The records sit below. Return every line in them that holds the word "small".

Web page caption snippets:
::::::::
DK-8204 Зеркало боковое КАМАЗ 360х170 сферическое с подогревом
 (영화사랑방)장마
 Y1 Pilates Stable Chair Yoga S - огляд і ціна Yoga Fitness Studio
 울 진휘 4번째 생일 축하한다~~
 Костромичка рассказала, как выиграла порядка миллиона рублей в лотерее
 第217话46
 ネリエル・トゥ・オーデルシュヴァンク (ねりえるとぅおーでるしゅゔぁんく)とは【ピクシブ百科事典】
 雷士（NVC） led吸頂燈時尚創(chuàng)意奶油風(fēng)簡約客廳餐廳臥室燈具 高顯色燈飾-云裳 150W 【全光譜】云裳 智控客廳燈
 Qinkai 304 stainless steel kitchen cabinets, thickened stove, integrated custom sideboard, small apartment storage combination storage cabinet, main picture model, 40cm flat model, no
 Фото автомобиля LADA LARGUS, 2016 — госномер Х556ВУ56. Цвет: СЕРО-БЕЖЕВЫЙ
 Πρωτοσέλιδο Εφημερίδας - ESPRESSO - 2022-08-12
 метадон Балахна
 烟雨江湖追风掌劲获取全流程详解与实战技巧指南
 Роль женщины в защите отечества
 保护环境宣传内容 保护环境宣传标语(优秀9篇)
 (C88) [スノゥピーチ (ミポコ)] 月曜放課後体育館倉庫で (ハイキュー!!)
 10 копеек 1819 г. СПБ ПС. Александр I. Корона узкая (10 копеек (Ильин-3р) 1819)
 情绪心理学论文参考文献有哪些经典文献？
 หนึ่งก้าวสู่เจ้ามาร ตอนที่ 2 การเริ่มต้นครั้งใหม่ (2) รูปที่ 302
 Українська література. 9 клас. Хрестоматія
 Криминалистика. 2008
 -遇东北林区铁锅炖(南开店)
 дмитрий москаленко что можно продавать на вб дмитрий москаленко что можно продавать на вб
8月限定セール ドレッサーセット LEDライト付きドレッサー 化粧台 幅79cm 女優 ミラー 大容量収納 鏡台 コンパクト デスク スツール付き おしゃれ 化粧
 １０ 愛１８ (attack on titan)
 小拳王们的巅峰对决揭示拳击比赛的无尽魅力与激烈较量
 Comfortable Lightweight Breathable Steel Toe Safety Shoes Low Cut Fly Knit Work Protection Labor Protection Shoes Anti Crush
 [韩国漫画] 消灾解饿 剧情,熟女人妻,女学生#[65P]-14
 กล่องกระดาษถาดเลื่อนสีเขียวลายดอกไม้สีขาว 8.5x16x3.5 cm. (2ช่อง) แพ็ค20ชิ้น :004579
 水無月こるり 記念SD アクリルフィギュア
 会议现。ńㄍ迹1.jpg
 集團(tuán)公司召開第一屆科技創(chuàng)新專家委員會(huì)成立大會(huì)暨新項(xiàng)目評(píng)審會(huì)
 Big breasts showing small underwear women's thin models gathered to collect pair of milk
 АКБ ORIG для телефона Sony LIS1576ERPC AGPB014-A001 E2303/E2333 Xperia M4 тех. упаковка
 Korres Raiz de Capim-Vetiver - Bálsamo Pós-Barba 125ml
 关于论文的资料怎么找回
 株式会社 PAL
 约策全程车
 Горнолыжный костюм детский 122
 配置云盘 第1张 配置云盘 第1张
::::::::
_Reply to the task_
 Qinkai 304 stainless steel kitchen cabinets, thickened stove, integrated custom sideboard, small apartment storage combination storage cabinet, main picture model, 40cm flat model, no
 Big breasts showing small underwear women's thin models gathered to collect pair of milk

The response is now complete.